# FreeBSD doesn't starting after restart



## Demogo1 (Aug 29, 2019)

I have Hyper-V with Freebsd 12 on vitrual machine.  I intalled web server (apache, php, mysql) on freebsd.
After hard restarting my hyper-v server (press power button on server)  FreeBSD doesn't work, mysql doesn't mount database.
I have more troubles with database files.
But, if i stoping all services before restart, then my FreeBSD worked fine!
What's going on?


----------



## yuripv (Aug 29, 2019)

So it's mysql not starting correctly after unclean shutdown and not FreeBSD?  What errors are you seeing exactly?


----------



## SirDice (Aug 29, 2019)

With VMWare, VirtualBox and FreeBSD's own bhyve the VM is sent an ACPI power signal, this causes the VM to do a clean shutdown. It sounds like your configuration just kills the VM without a proper shutdown.
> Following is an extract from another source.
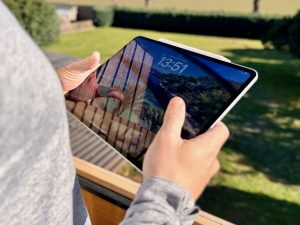 iPad Pro 13 Zoll Test Was sind die Stärken und Schwächen des iPad Pro 2024? Wie schlägt es sich als Reisebegleiter, mobiles Arbeitsgerät, Tool für Influencer und Creators oder MacBook-Ersatz im Urlaub? Dieser Testbericht beleuchtet alle Facetten des Geräts, basierend auf technischen Daten, unabhängigen Tests und Nutzererfahrungen.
This can cause all sorts of caches to not be written to disk, corrupting your database files.


----------



## Demogo1 (Aug 29, 2019)

SirDice said:


> With VMWare, VirtualBox and FreeBSD's own bhyve the VM is sent an ACPI power signal, this causes the VM to do a clean shutdown. It sounds like your configuration just kills the VM without a proper shutdown. This can cause all sorts of caches to not be written to disk, corrupting your database files.


yes, i guess.
What can i correct it? Maybe rc.conf?


----------



## SirDice (Aug 29, 2019)

Demogo1 said:


> What can i correct it? Maybe rc.conf?


It's not the FreeBSD side you need to configure. I have zero Hyper-V experience so I cannot tell you how or what.


----------